A large raft of goldeneye ducks and scoters move nervously away from shore when as we reach the beach. Behind them a rainbow arcs up and away from Shaman Island and then fades to gray.
The day’s last surprise comes on the ride home when we spot a lone humpback whale feeding near Smuggler’s Cove. It is rare to see any whales this time of year. All the fertile humpbacks are in Maui or on their way to that breeding ground. But on a December day a year or so ago I spotted one in Smuggler’s Cove. Today’s whale is too far away to photograph and only shows itself briefly each time before disappearing like the rainbow into the gray. But like the lone wolf tracks, each plume of vapor it expels provides proof that this place is still pure enough for wild animals.
As Aki sniffs a message left in pee, I talk with one the beaver patrol. She and other patrol volunteers have spent the morning dismantling beaver dams.

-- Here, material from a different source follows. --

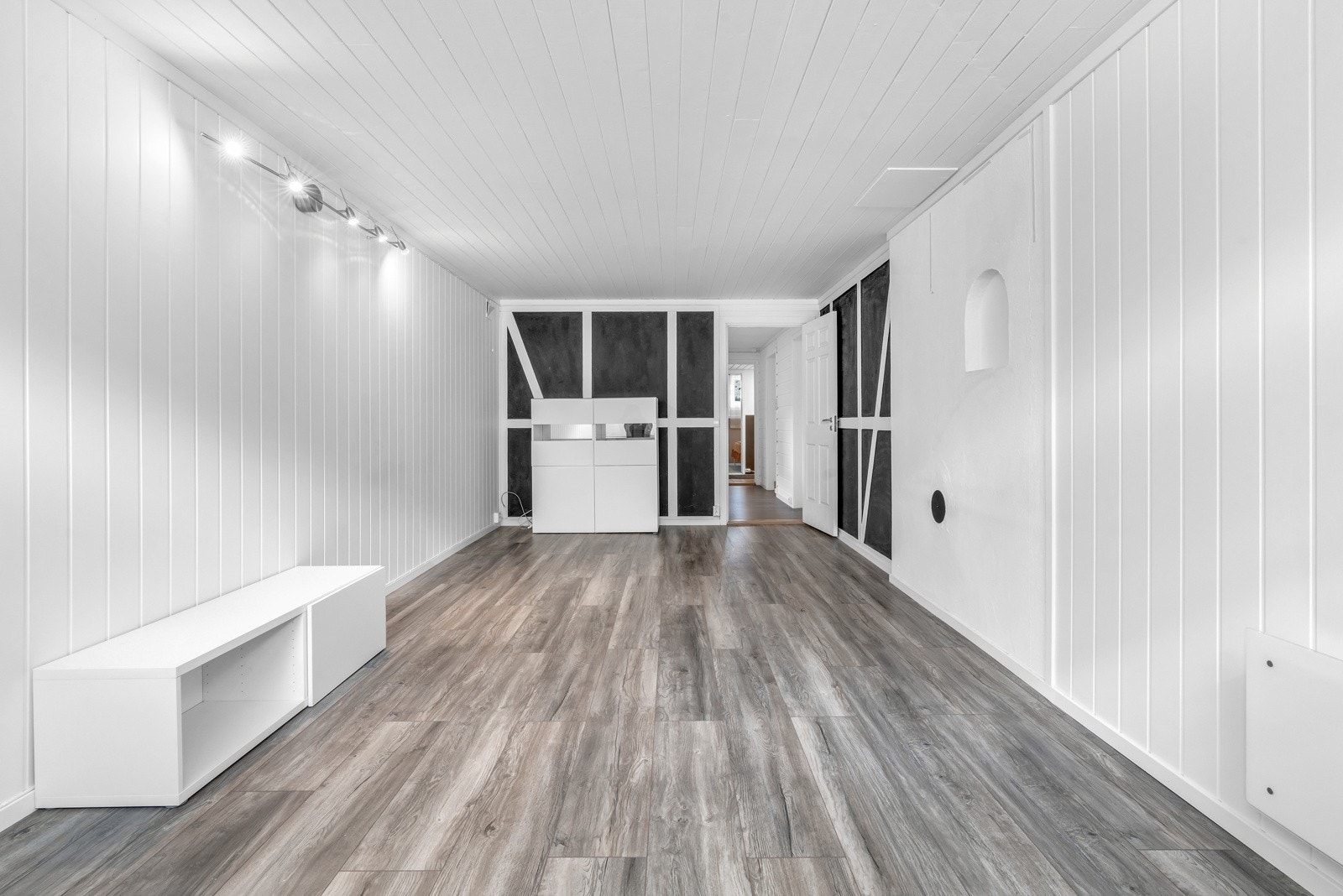 To stuer er perfekt når barna får venner på besøk! Galleribilde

It’s meant as a temporary fix to open a key stream for homecoming silver salmon. Behind her, the newly released current carries clumps of snow downstream. Somewhere beneath the snowy reflections, silver salmon make their way to their spawning beds. How strange, little dog, that salmon transit this Christmas card of a place, today a perfect venue for our ski.
Juneau is enjoying its first winter storm warning. At least Aki is enjoying it. Yesterday we went cross-country skiing. Today, with the snow shoveled off our driveway, the little dog and I walk from Chicken Ridge to the flume trail. We slip and slide past the Basin Road craftsmen homes, their bright colors muted by eight inches of new snow, and cross the old wooden trestle bridge to Gold Creek valley. After a short walk on the planked-covered water flume, the little dog and I take a tricky trail down to the creek. We meet a man in tourist clothes who just negotiated a flooded section of trail. “Wow. Snow. We don’t see that in San Diego.” I smile and walk on. In minutes I wish I had asked him where he was going. It’s 32 degrees and with the flat light, it is easy to lose your way. Then he’d wished he had never left the sunshine state.
Aki has collapsed on her pillow. Her nose hangs down like it always does when she sleeps. It’s a good way for her to spend her birthday afternoon. This morning the little dog followed her two humans as they skied through spruce woods and across several meadows. She must have worn herself out punching deep paw prints in the soft, new snow.

This is a work trip for me. The little dog makes the first part of our adventure a working one by volunteering to keep guard while I collect seaweed on a Douglas Island beach. Wind worked tide left long ropes of severed rockweed from which I quickly fill six buckets. The fractured shell of an abalone sparkled from beneath a covering of seaweed. Nearby Aki cautiously sniffs the thick section of a deer’s vertebrae that has been stripped of flesh by the ocean’s bone cleaners.
After loading the seaweed into the car we drive to a snow covered meadow. Aki tears out of the car and runs up and down the trail. I’m here to indulge her love of snow. She loves it even as large balls of the stuff form on her legs and chest.
The meadow sits in a “V” shaped mountain valley that sees little sun this close to the winter solstice. This morning it floats just above one of the mountain ridges. A gauzy cloud layer had changed it into the moon.